With respect to the literature-based PMA, Axonics did not invent this process. We are we are not the creators of the literature-based process. I mean, this is the -- FDA created this process. For us as a company not to avail ourselves to have this shot on goal. Then I would think that shareholders would be asking me, Ray, why aren't you doing this. So, if we boycott this, how does that help anybody, how does that help the company. It doesn't make any sense, right? So we we're obliged to do it. And it's not something we've created, it's a pathway that's available to us and that we're going to go ahead and do everything we can to get to the markets in the shorts.
Would I have preferred that the FDA didn't have this pathway and that everybody would need to do clinical work in order to get approval, absolutely. Because I think that's the right thing to do irrespective of what the regulatory pathway might be. It is important comment that I made, that we believe clinical data is important and it's certainly critical when it comes to marketing your product. I mean, this is -- we're dealing with urologists and urogynecologists, these are conservative physicians. They feel that this data is important and I daresay that you're not going to get anywhere in this marketplace unless you have clinical data.
Now, with respect to kind of part of your question, it's this notion of how could somebody else get to the market. I want to start by saying, we invite all the large players in neuromodulation to enter the Sacral Neuromodulation market, come on down, I mean really.
The more players we have in this market, the more the market will grow and the rising tide floats all boats and there's no reason why Sacral Neuromodulation shouldn't be a $2.5 billion business because certainly there's millions and millions -- tens of millions of patients who could be benefited by this technology.
In terms of timeframe, I mean, look we were focused on one thing, one thing as a company and a team that’s been -- engineering team has been working together for almost 20 years. We spent tens of millions of dollars over more than four years to develop this purpose built product. Now, I think that anybody who wants to repurpose their spinal cord stimulators if they want to be able to have a product, which is going to be competitive with what we have then it's going to take them some years and it's going to take them millions of dollars, that's just the fact.
And then, they're going to have to navigate the regulatory pathway and the literature based pathway is no walk in the park. This should be clear to people, I mean, this is a process that is rigorous and it is not a lay down. I mean -- and I think that the facts are on the table here that this is not like, oh you throw some stuff over the wall and 180 days later you get your green card to go sell in the U.S. that has not been our experience, that's not been the experience of the other player in the market who has attempted to do this.

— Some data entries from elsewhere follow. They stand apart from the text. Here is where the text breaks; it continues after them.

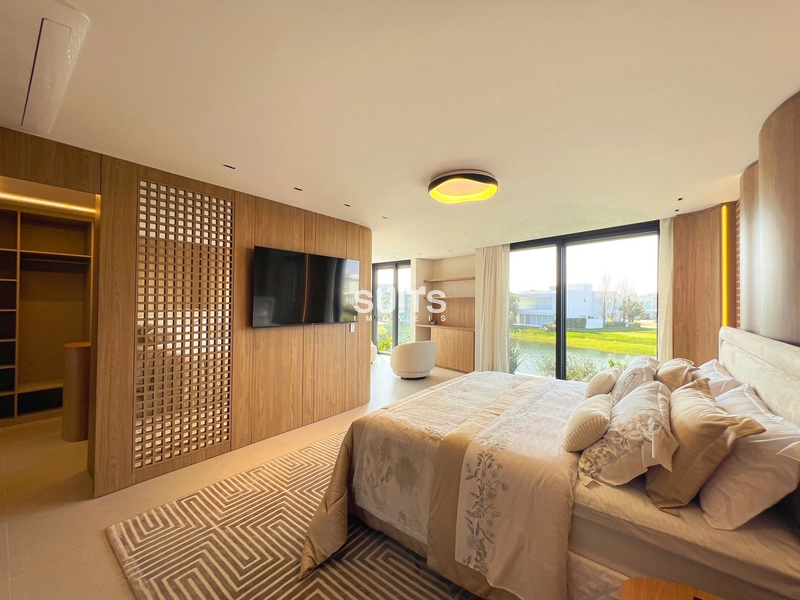 Incrível sobrado beira lago à venda no condomínio Enseada: 54ª foto da galeria de imagens do imóvel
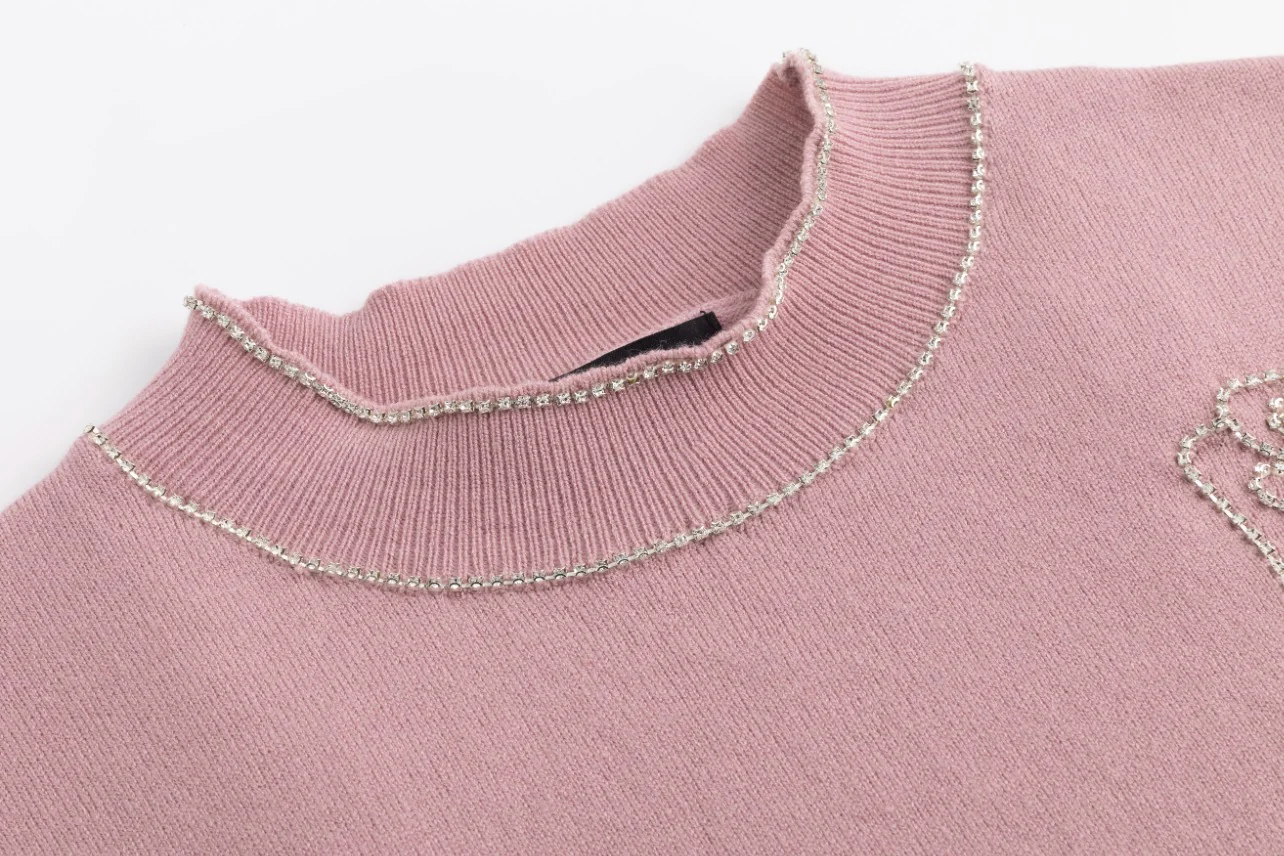 Sweater With Diamond Flower - Mauve - Image 3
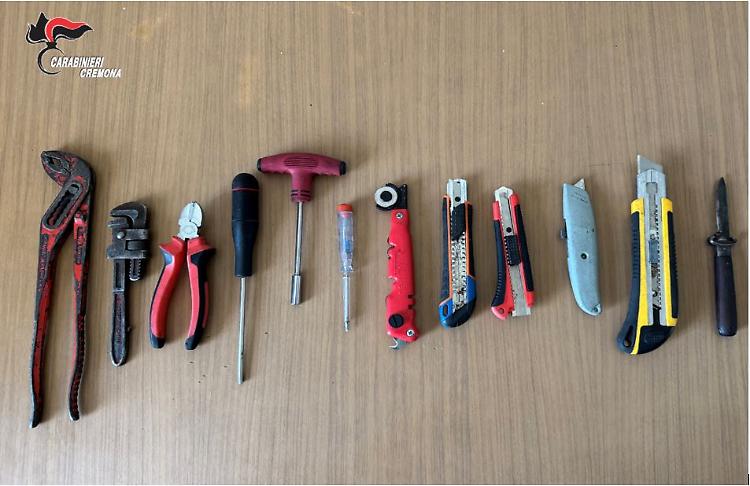Denunciato un 36enne a per possesso di arnesi da scasso e coltelli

So, I think, that it doesn't really lower the bar quite frankly. And if you're getting questions from shareholders or other investors about this lowering the bar, I think that they probably haven't done enough work to understand the magnitude of what really needs to be done to be able to get approval. So enough said there and I really do appreciate the question, Bruce, it's a very thoughtful question.
Thanks so much, Ray. Take care.
Okay, thank you.
And I'm not showing any further questions in queue at this time. I'd like to turn the call back to management for closing remarks.
Super, thank you. Look, I really appreciate the questions from David and Larry and Bruce that was been helpful to be able to articulate a couple more themes. We appreciate everybody's interest in Axonics. We look forward to seeing you at JPM in San Francisco in early January. And we wish everybody all the best for the holidays. Thank you so much for listening in today.
Ladies and gentlemen thank you for your participation in today's conference. This concludes the program and you may now disconnect. Everyone, have a great day.